To me some of this goes back to your earlier statement of "Don't treat me like an idiot." It depends a lot on the author's skill. In real life almost anyone that you talk to will have something that they feel strongly enough about that they will "preach" or push their views about it even if it's just the fact that they don't think anyone else should "preach" or push his or her views on them. If this is all the author is showing then I'm fine with that. If it's the main character, especially in a first person POV, then it rapidly gets annoying.
The thing about first-person POV is there seems to be a huge degree of implicit sympathy that comes with it, and if you want to show your first-person protagonist as flawed, particularly flawed in ways they don't realise themselves, you either have to make those flaws so colossal they essentially define the character (as for example Jeff Lindsey's Dexter), or you risk people not seeing them (as witness, well, any of countless arguments I have had in the on-topic part of the forum in which I think JB is illustrating something about Harry's flaws and weaknesses, and other forumgoers disagree from perspectives based to some extent on assuming JB intends Harry to be sympathetic.)
If it's someone that the story sets up as wise and/or "someone that should be listened to" and they are pushing a certain viewpoint, then it begins to feel that the author is pushing that viewpoint.
How long do you give an author to illustrate that they are subverting that before putting the book down ?

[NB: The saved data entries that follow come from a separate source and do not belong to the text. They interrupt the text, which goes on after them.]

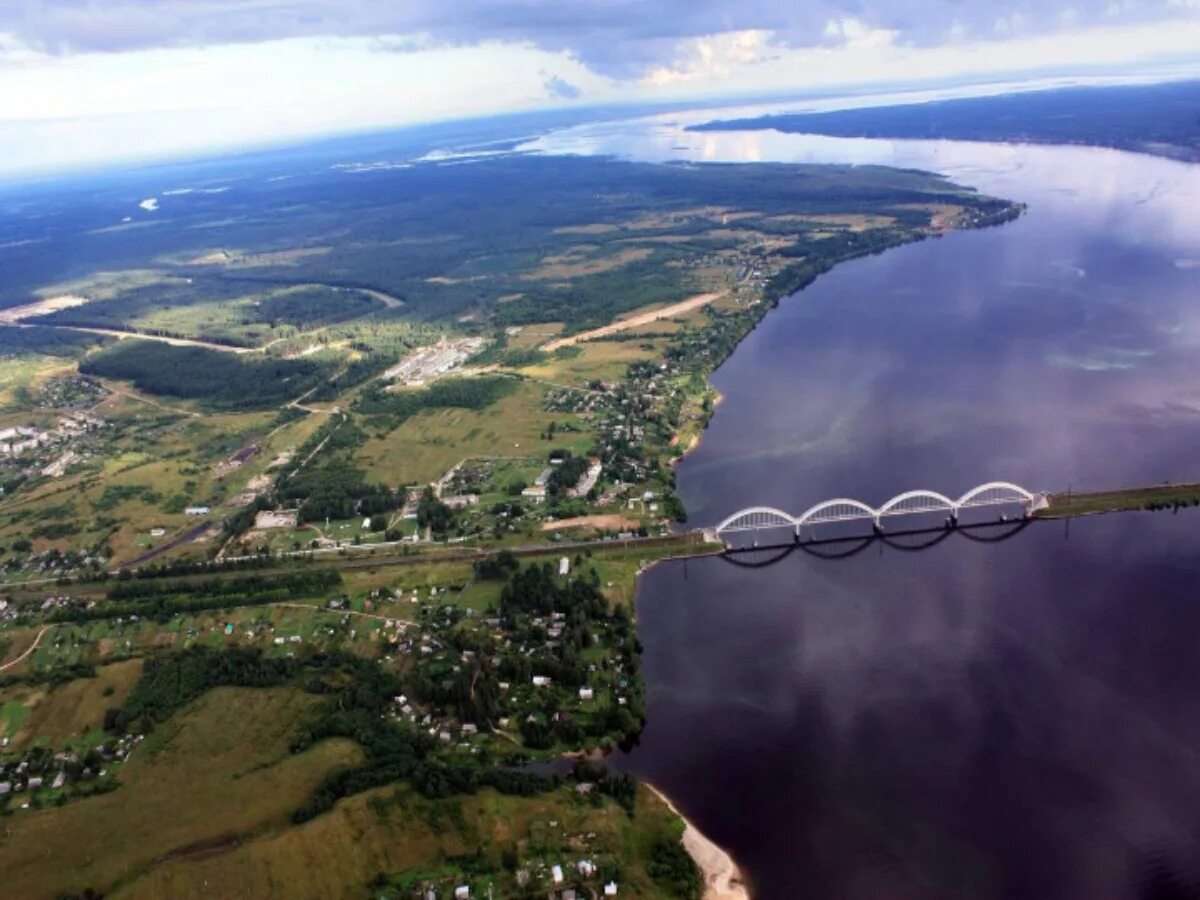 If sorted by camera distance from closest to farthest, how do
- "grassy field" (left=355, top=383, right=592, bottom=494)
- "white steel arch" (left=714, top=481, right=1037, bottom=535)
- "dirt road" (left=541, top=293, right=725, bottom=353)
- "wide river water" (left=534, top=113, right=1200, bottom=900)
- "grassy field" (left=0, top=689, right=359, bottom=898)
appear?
"wide river water" (left=534, top=113, right=1200, bottom=900), "grassy field" (left=0, top=689, right=359, bottom=898), "white steel arch" (left=714, top=481, right=1037, bottom=535), "grassy field" (left=355, top=383, right=592, bottom=494), "dirt road" (left=541, top=293, right=725, bottom=353)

Does it help any to suggest that a rant might not be intended seriously if, say, a first-person character is visibly drunk when they go off on it ?
I find this very annoying. I started one series about a woman from our world that finds herself transported to another reality where she has magical powers. I know this is one of the oldest tropes out there but I still enjoy it when it's well done and this was well done. In the fourth book in the series, the main character switches to someone that had been a minor character up until then. It is revealed that the previous protagonist had died, off camera, between books three and four. It was not a gimmick. She was dead and never came back. I never finished the series.
Hmm. That's the kind of bravery from an author that would definitely make me want to read on; I generally appreciate authors who take chances even if they do not work over authors who play safe, at technical and structural levels.
I think part of it is that I have a really strong dislike for stories where protagonists get protected by different rules from everyone else just because they are protagonists.
Titanic for example, where the two leads appear to be playing by Indiana Jones rules when it comes to wasding through icy water but everyone in steerage is dying from exposure much more realistically. I can't connect to protagonists who are safe because they are protagonists, and nor can I connect to protagonists who are supposedly in danger if no serious consequences of danger ever happens to them.